L'opéra débute par les halètements de Gwen, l'instant paroxystique de l'angoisse qui va rythmer les étapes de cette trajectoire en un acte. Pour autant, Venables évite le plus souvent le pathos au sein de situations dont il fait davantage ressortir la violence. La « musique d'ascenseur » qui flotte toujours en arrière-fond est un exemple de ce va-et-vient entre le dedans et le dehors qui entretient la distance. On est d'emblée happé par l'intensité du drame qui se joue, les voix parlées, enregistrées, chantées formant autant de strates temporelles et expressives dans un espace toujours foisonnant. Le compositeur procède par courtes scènes qu'il juxtapose de manière très abrupte, à l'instar d'une pensée qui vacille. C'est parfois l'orchestre seul, au bord de la saturation, qui exprime cette violence, avec ces salves d'orgue puissantes ou encore ces fouets qui claquent au sein d'un espace sonore modelé par l'électronique. Autres instants récurrents, les « dialogues » qui s'instaurent entre le psychiatre et la patiente, que Venables confie aux percussions dans un hors-temps très saisissant. Ce sont deux interprètes féminines, placées de part et d'autre du chef, qui scandent sur les peaux ou les bois frottés (les allers-retours de la scie sur un panneau de bois) les mots des protagonistes que l'on voit s'afficher sur le plateau. La trouvaille est ingénieuse, générant tout autant la surprise que l'humour distancié.

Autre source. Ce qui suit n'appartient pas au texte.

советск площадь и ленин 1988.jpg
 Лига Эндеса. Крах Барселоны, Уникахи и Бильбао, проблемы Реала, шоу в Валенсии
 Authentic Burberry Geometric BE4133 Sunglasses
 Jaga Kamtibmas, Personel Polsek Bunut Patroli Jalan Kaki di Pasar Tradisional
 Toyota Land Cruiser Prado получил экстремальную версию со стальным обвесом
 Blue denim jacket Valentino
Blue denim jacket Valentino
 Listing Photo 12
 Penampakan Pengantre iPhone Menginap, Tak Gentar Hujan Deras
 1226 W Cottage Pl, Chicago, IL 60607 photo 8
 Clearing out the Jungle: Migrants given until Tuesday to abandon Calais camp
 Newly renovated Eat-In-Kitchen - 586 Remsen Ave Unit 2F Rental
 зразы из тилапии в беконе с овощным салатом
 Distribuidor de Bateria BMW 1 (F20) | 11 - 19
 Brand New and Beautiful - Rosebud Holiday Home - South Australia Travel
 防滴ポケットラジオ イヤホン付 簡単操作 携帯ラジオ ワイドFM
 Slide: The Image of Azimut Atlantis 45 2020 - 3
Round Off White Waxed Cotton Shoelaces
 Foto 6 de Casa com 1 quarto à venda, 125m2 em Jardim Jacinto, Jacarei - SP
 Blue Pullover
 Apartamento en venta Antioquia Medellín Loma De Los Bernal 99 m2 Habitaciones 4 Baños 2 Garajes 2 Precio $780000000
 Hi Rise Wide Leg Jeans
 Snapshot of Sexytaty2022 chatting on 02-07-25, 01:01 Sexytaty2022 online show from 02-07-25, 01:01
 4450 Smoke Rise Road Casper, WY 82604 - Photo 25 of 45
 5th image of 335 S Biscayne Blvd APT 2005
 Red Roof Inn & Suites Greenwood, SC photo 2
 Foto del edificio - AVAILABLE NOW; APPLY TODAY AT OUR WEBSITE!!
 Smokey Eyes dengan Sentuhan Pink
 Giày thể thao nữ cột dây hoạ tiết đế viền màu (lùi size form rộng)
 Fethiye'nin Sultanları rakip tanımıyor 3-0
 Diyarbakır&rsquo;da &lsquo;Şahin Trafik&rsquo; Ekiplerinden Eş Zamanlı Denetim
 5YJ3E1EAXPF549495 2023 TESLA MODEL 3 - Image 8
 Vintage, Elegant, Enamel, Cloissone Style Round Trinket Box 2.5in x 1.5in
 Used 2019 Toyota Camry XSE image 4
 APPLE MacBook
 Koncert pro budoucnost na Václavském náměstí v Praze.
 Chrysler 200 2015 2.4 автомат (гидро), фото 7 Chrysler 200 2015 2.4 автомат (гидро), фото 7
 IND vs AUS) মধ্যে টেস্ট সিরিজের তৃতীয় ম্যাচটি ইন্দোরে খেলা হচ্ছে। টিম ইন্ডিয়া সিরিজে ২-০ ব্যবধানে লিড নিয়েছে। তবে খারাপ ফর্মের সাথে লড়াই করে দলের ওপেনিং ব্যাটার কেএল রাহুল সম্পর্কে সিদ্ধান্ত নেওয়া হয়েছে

La voix invoquante de Gwen est le plus souvent au centre de l'écoute, une voix très incarnée (celle de la mezzo Londonnienne ), ample et chaleureuse, pleine d'humanité. La scène où le compositeur lui confie ce chant éperdu et fragile qui plane au-dessus des cinq voix soudées, est un des plus beaux moments de l'opéra. Les pages vocales polyphoniques laissent apprécier la flexibilité et l'homogénéité des timbres des cinq autres chanteuses qui ont chacune un prénom : Jen, Suzy, Clare, Emily et Lucy. Elles évoluent autour d'un personnage qui reste campé dans sa solitude. Sauf peut-être dans le lamento final où les six voix chutent dans le grave, entraînées par la basse chromatique descendante des cordes, Venables renouant à plusieurs reprises avec la tradition anglaise du « ground » de l'opéra baroque.

Solitude, dépression, révolte, désespoir, c'est une lutte qu'engage le texte, les voix et la musique, un espace de tension tout à la fois poignant et poétique, violent et politique, qui remue les consciences et bouleverse toute à la fois. Saluons l'engagement des six chanteuses sur le plateau et le travail du chef britannique à la tête des musiciens de l'Orchestre de Strasbourg ; ainsi que celui des équipes techniques (son et vidéo) dans un spectacle où la configuration spatiale et la dimension multimédia participent de sa réussite.